LAS VEGAS (KTNV) — Grab a drink and get a bite to eat. A brand new entertainment district around Allegiant Stadium is in the works.
“I’m sure if we’re standing here five or six years from now, the landscape and what it looks like behind us will be very different,” said Raiders President Marc Badain of the now predominantly industrial area.
A plan approved by Clark County commissioners on Wednesday aims to transform 1.25 square miles around the stadium and west of Interstate 15 into an entertainment district with bars, restaurants and other retail.
“Hopefully it will develop out as a wonderful place for people to come, have some dinner,” said Commissioner Michael Naft.
"Have a drink before the game and [stay] a little while afterward."
The focus? To create an area that would still attract people even when Allegiant Stadium isn’t hosting an event.
Badain says he believes new development will come.
“There’s going to be a lot of investment in here.

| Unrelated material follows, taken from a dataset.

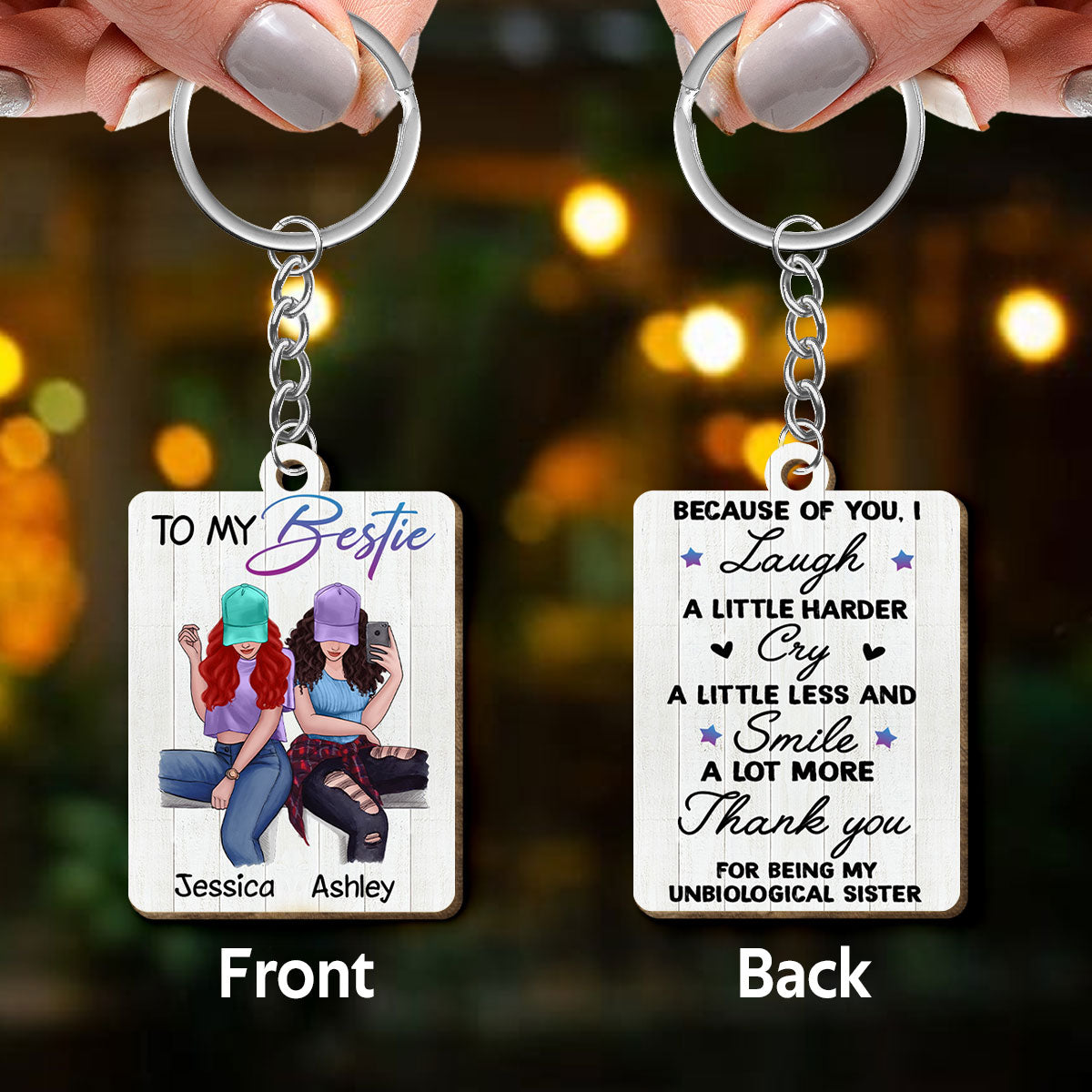 Selfie Besties To My Bestie Personalized Wooden Keychain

When these stadiums pop up, investment usually follows, activity usually follows,” he said.
There are also plans to have public art and smaller blocks to make it easier for people to walk around.

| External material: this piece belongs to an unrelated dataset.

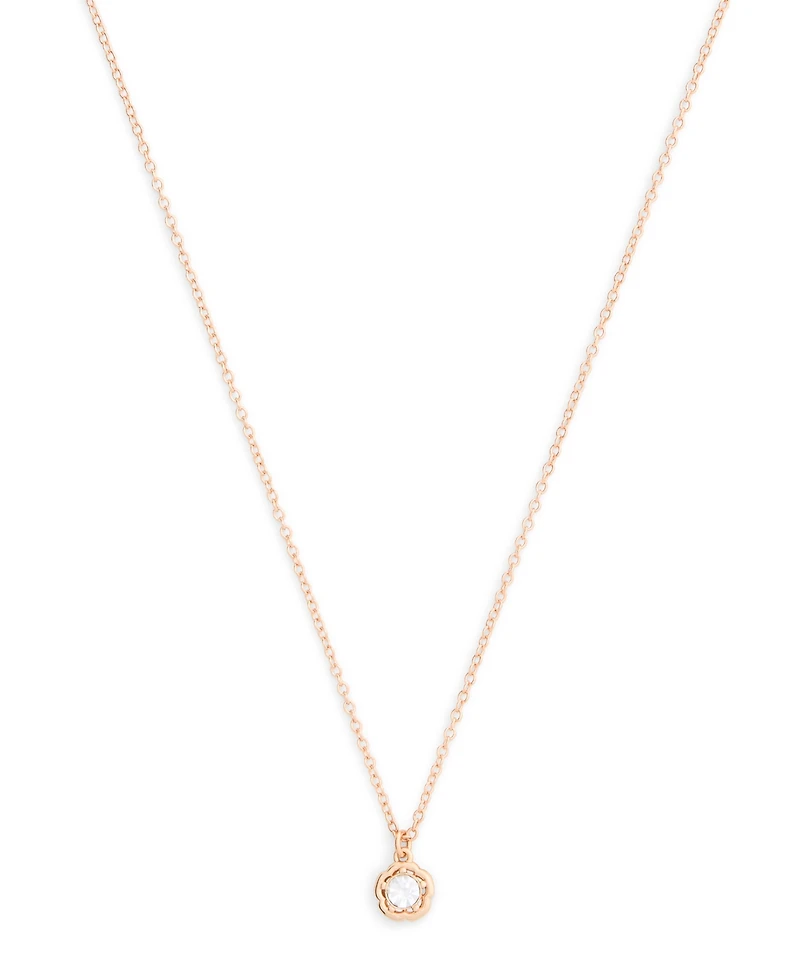 Coach Faux Stone Halo Tea Rose Pendant Necklace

Commissioner Naft, whose district includes the stadium, is optimistic about future development.
“I can see the west of the stadium being the local’s area. That’s where locals will come from and spend some time,” he said.
While there’s no definitive timeline set yet for the plan, Commissioner Naft says he believes making improvements, like adding bike lanes to streets, can get started soon.

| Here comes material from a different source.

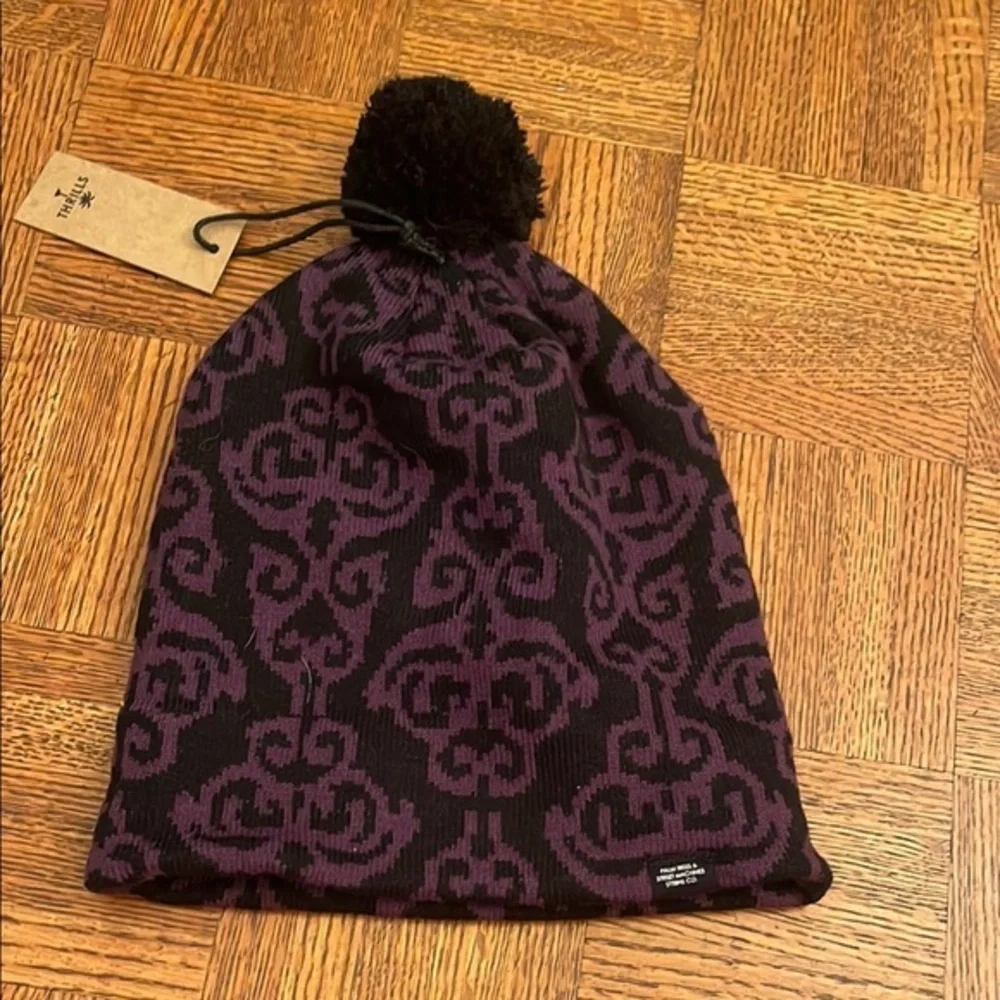 Thrills Purple and Black Knit Beanie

Bar owner David Nolan is excited about the future. Nolan believes his bar, Tailgater Tavern, will fit right in with potentially more out-of-towners stopping by.
“We’ll still have the value of the locals with our hospitality in the local industry, so I think it’s going to be great. It will bring a new crowd down to that entertainment district,” he said.
The area is currently a mostly industrial area and some property owners are already looking to sell to developers.
Some businesses are still trying to figure what this means for them, but Clark County officials say no business will be forced out of the area. Nolan doesn’t believe the types of businesses will dramatically change.
“You look at other ballparks and other stadiums around the country and there’s industrial and there are different businesses throughout,” he said.
He is optimistic about the future around the stadium and hopes to see more Raiders fans stop by for a drink.
“Raider Nation is worldwide so hopefully we’ll get some Europeans checking us out and people from all over the world, so we’re excited,” Nolan said.